Guides > Europe > Italy

Italy

Europe's kinky over-the-knee boot has it all: popes, painters, polenta, paramours, poets, political puerility and potentates. Its dreamy light and sumptuous landscapes seem made for romance, and its three millennia of history, culture and cuisine seduces just about everyone.

Read More...

ADVERTISEMENT

Things to See in Italy


Leaning Tower of Pisa
Piazza dei Miracoli Pisa at the end of Via Santa Maria from the river

Welcome to the world's greatest architectural cockup. Its creator, Bonanno Pisan, was in trouble three tiers in when the tower began to list badly to the south. Things got worse at the rate of about 1mm a year, but at least it gave Galileo a chance to throw rocks from the bell tower to test his theory of gravity. Today it's 4.1m (13.5ft) off the perpendicular.

Colosseum
Piazza del Colosseo Rome Campitelli

Although its size conjures up the Empire that ruled through intimidation, brutality and down-turned thumbs, the Colosseum has been a little humbled. The Christian-eating lions have been reduced to stray kitty cats (who will eat anything regardless of religious affiliation), and weeds sprout among the 50,000 seats.

Basilica di San Francesco
Piazza di San Francesco Assisi

This basilica saw heavy damage and four deaths during a series of earthquakes in 1997. Years of painstaking restoration - including piecing together frescoes from crumbled bits, some not much larger than a grain of sand - will probably go on until at least 2010.

Grand Canal
starts at Bacino di San Marco Venice

Venice's Grand Canal is the artery along which courses the city's lifeblood. To ply its length time and again, on each occasion making new discoveries, is a pleasure only the most insensitive souls could tire of.

Pompeii
enter through Porta Marina Via Marina Old Pompeii

Victim of the world's most famous volcano disaster, 2.3 million visitors annually make Pompeii's magnificent ruins seem as crowded as the ancient streets must once have been.
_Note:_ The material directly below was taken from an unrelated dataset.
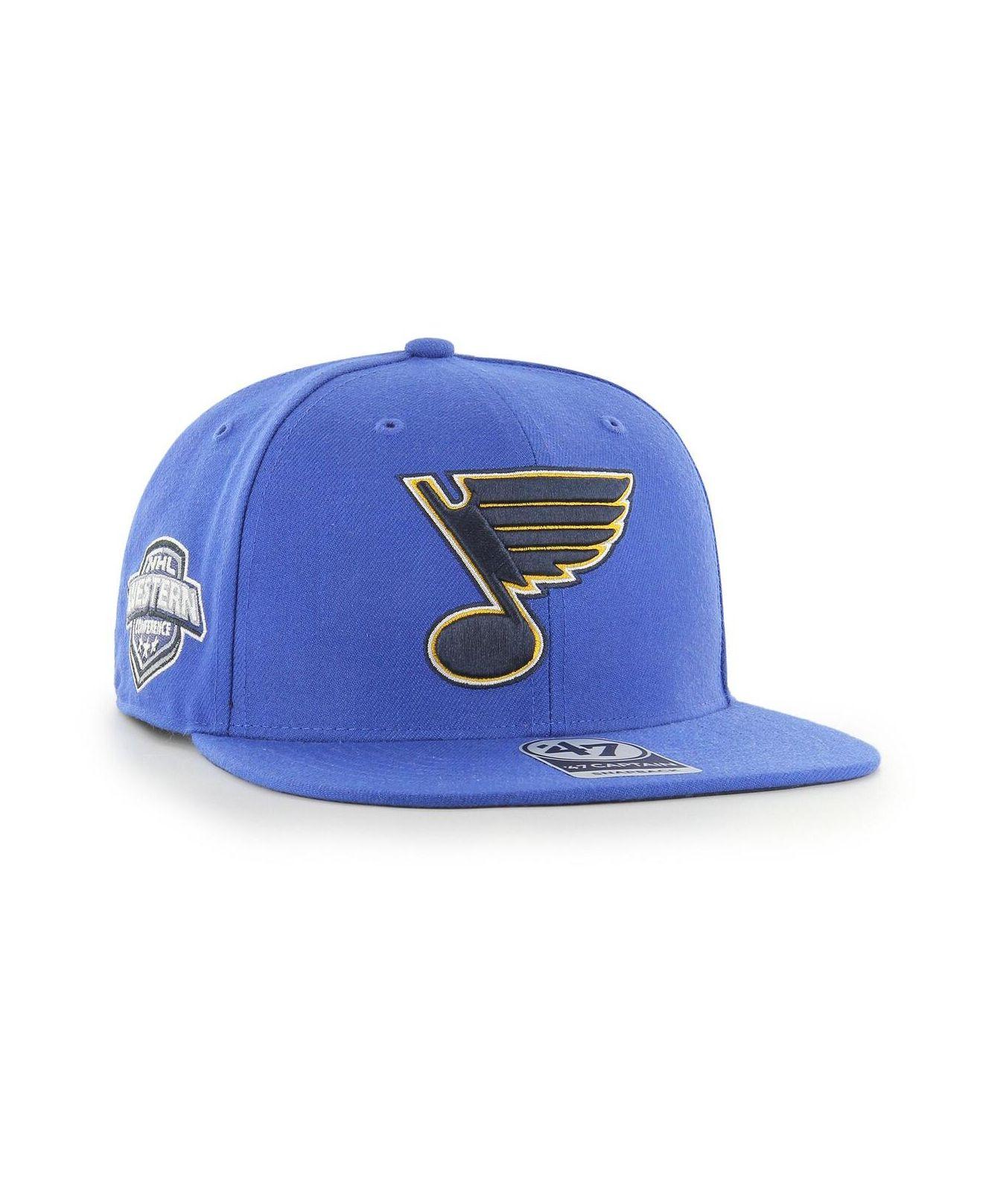 47 Brand Blue St. Louis Blues Sure Shot Captain Snapback Hat for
Ever since Pliny the Younger described the eruption of Vesuvius in AD 79, the city has been the stuff of books, scholarly and frivolous, and a perfect subject for the big screen.

Mt Etna
between Taormina and Catania, Sicily East Sicily

Dominating the landscape in eastern Sicily, Mt Etna (3350m/12730ft) is Europe's largest live volcano and one of the world's most active. Eruptions occur frequently, and visitors should be aware that excursions are at the mercy of volcanic activity. People are no longer allowed to climb to the craters.

Valley of the Temples
archaeological park 1km S of town centre Sicily Agrigento

Via dei Templi runs through the middle of the archaeological park, dividing it into two sections, with the most spectacular temples to the right. The Temple of Hercules is the oldest of the five temples contained within the park, all of which are atmospherically illuminated at night. There is also a museum in the complex which houses a collection of artefacts.

Cenacolo Vinciano
Santa Maria delle Grazie 2 Corso Magenta Milan

One of the world's most famous art images, Leonardo da Vinci's wonderful mural depicting the Last Supper decorates a wall of the Cenacolo Vinciano, the refectory adjoining Chiesa di Santa Maria delle Grazie. Painted between 1495 and 1498, the work captures the moment when Jesus uttered the words 'One of you will betray me'. It has been extensively restored.

Cappella degli Scrovegni
Padua Giardini dell'Arena

Art lovers visit Padua just to see the lively Giotto frescoes in this chapel. These fine examples of the master's art are on the cusp between the two-dimensional art of his contemporaries and the remarkable explosion of new creativity that was still decades away. Booking ahead is necessary, and the admission ticket is also valid for the adjacent museum.

The Uffizi
Piazza degli Uffizi 6 Florence centre

To enter the Uffizi, which qualifies as the world's oldest gallery, is to be thrust head reeling, heart pumping and mouth watering into the core of the Italian Renaissance and the greatest concentration of Florentine and Italian art on the planet.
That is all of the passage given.